Se avesse vinto la monarchia, in quel lontano 2 giugno 1946, forse oggi faremmo ugualmente questi discorsi e ci saremmo emancipati dal pensare che una certa cerchia di persone ha diritto di sedere su un trono, di farsi chiamare duca, conte, contessa, marchese o chissà che altro e di differenziarsi dal resto del popolo in quanto “nobile“. Ma la Repubblica, uscendo dai paragoni e dalle ipotesi, dai favoleggiamenti della storia e dell’attualità, ci ha aiutato ad andare molto oltre, nonostante sia stata vilipesa – al pari della sua e della nostra Costituzione – tante, troppe volte.
La Repubblica è l’Italia più bella che abbiamo conosciuto dal 1861 ad oggi: è quel ritorno ai valori di un Risorgimento che guardava alle classi popolari e che dismetteva una volta per tutte l’incrostazione della differenza di ceto, lasciando insoluto il problema della divergenza di classe. Ogni volta che si parla della Repubblica Italiana, si dovrebbe fare riferimento al quella Romana del 1849. Il vero 2 giugno ha origine da quella disperata lotta contro monarchie, nobili, clericali e profittatori di ogni tipo che nel rovesciamento del potere temporale dei papi avevano ravvisato il pericolo della nascita di una Italia che virasse verso il socialismo, verso quella democrazia ancora tanto estranea all’Europa ottocentesca.
Ma la Repubblica è anche l’Italia più controversa e problematica che abbiamo conosciuto, perché non riesce a coniugare le istanze sociali con le pretese dell’economia capitalista e dei suoi corifei. Per questo è infantilismo politico (o antipolitico) pensarla come contenitore esclusivamente delle tante zone d’ombra che l’hanno attraversata. Senza la Costituzione, quindi senza la Repubblica, non avremmo avuto la possibilità di rendere dinamiche, importanti per crescita civile e morale della popolazione, tante lotte sociali.
Festeggiare oggi la Repubblica vuol dire non dimenticare quanto ancora troppa poca repubblica vi sia nella nostra società, piena di differenze marcate, di ingiustizie legalizzate e di pregiudizi regolarizzati da una morale comune che obbedisce agli istinti più retrivi, alimentati da forze politiche neofasciste che si paludano con sinonimi e con atteggiamenti fintamente democratici. Ma restano quell’immondizia che sono sempre stati.

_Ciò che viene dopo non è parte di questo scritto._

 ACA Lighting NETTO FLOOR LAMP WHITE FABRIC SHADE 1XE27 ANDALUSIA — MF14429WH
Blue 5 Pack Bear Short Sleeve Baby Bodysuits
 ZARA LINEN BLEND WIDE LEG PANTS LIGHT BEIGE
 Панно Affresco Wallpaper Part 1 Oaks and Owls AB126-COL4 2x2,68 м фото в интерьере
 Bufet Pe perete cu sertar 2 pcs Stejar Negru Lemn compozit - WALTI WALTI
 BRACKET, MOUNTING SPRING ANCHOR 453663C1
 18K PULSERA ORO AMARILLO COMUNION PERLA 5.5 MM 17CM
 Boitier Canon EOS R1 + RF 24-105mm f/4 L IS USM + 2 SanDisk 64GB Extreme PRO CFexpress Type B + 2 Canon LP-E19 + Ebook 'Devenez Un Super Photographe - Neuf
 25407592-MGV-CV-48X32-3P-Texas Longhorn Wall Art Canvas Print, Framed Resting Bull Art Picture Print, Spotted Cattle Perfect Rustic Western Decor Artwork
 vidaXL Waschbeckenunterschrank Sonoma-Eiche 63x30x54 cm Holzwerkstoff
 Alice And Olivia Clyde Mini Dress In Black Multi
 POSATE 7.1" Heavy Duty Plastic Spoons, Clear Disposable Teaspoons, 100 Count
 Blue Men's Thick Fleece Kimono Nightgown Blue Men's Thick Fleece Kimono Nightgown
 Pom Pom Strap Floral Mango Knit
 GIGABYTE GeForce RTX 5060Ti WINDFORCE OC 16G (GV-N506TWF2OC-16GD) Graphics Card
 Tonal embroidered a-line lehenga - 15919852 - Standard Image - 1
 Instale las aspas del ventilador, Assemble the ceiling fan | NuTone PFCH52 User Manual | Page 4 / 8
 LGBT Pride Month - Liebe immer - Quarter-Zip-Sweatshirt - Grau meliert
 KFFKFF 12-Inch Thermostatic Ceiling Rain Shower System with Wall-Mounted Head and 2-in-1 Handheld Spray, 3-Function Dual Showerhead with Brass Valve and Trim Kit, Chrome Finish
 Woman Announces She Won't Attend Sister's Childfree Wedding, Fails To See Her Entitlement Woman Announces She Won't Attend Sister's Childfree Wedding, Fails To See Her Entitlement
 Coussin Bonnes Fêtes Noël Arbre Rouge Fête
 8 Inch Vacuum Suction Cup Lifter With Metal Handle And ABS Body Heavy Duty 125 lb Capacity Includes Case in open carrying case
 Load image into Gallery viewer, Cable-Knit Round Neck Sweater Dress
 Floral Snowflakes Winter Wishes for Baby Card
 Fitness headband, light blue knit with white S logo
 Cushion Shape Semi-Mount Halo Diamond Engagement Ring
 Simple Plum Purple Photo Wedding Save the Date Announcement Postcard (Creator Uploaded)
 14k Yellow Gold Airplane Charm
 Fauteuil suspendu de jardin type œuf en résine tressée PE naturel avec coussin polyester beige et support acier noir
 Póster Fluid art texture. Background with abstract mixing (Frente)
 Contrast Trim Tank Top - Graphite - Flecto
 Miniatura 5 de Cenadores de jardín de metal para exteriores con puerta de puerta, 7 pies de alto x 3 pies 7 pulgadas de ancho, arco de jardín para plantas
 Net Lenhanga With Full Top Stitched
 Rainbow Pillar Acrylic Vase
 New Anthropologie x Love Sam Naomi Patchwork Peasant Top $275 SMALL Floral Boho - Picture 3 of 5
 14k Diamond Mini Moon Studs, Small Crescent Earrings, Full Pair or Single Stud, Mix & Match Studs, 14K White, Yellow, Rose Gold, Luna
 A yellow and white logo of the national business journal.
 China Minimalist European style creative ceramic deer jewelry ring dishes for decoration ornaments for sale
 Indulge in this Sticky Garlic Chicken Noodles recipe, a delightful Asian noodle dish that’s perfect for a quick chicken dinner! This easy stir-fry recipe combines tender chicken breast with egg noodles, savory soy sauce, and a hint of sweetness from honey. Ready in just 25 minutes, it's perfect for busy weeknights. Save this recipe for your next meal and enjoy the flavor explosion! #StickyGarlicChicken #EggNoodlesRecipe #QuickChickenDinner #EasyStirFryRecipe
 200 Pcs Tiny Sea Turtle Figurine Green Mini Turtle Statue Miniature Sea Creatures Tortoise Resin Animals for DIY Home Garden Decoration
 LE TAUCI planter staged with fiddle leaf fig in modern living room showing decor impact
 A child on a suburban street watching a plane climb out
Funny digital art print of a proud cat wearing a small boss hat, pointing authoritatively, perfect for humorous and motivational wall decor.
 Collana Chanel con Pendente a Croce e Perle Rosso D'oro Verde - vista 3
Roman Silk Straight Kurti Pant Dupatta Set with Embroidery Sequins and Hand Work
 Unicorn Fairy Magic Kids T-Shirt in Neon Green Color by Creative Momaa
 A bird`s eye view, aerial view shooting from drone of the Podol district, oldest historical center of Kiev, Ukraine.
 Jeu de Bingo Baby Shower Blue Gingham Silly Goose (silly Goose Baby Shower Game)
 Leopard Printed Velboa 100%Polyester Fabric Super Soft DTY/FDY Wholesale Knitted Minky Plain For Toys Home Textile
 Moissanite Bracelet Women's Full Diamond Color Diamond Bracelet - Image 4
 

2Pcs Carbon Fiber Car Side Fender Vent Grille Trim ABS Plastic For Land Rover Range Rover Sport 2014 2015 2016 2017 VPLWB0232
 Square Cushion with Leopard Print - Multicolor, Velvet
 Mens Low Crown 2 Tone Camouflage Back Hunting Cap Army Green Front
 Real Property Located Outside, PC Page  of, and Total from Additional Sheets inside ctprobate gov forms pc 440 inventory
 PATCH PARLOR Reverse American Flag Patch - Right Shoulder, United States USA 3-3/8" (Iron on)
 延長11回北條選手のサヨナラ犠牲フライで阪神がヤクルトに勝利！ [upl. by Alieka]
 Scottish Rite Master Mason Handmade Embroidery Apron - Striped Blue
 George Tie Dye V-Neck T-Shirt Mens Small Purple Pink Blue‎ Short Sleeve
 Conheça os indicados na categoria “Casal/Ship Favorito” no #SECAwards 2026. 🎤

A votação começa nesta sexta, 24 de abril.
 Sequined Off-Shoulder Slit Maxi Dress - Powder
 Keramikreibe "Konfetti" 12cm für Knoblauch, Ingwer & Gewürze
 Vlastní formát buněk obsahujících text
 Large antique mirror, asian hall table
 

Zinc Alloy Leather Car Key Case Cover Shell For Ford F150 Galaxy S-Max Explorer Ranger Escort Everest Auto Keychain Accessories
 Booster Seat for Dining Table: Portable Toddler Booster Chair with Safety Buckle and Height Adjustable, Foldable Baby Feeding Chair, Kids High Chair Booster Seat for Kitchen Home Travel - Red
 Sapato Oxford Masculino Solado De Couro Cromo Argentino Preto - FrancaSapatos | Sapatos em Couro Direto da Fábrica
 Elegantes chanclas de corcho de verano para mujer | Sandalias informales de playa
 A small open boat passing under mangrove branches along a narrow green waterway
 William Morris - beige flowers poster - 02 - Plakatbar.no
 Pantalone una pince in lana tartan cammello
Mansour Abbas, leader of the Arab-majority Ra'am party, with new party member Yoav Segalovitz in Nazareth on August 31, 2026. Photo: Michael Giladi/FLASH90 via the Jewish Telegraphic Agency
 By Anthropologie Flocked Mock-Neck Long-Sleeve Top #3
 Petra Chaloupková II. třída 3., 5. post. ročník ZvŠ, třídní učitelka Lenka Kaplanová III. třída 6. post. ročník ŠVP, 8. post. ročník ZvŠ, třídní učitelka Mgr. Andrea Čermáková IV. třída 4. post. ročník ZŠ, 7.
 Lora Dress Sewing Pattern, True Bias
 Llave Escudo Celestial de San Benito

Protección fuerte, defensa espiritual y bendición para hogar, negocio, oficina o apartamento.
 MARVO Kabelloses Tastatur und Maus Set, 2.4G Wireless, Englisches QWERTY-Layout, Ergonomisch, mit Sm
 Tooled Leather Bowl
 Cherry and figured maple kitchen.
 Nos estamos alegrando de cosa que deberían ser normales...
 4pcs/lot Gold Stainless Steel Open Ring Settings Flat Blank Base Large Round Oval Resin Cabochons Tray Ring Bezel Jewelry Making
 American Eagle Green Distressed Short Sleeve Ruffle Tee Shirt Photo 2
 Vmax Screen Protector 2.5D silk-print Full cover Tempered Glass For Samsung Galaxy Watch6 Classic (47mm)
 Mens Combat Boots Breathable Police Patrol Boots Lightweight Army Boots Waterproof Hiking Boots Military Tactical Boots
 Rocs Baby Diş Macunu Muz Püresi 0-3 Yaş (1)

Se la monarchia fosse sopravvissuata a sé stessa oggi per questi movimenti e partiti sovranisti vi sarebbe un alleato in più. Formale, almeno. Non scordiamoci che alcuni di questi sono oggi al governo del Paese e non c’è un re al Quirinale. Ma c’è un liberista estremo al governo. Cos’è peggio, dunque? Un re che regna ma non governa o un capo di governo che obbedisce ciecamente ai mercati e al grande capitale?
Ognuno si risponda come può… Buon 2 giugno, intanto.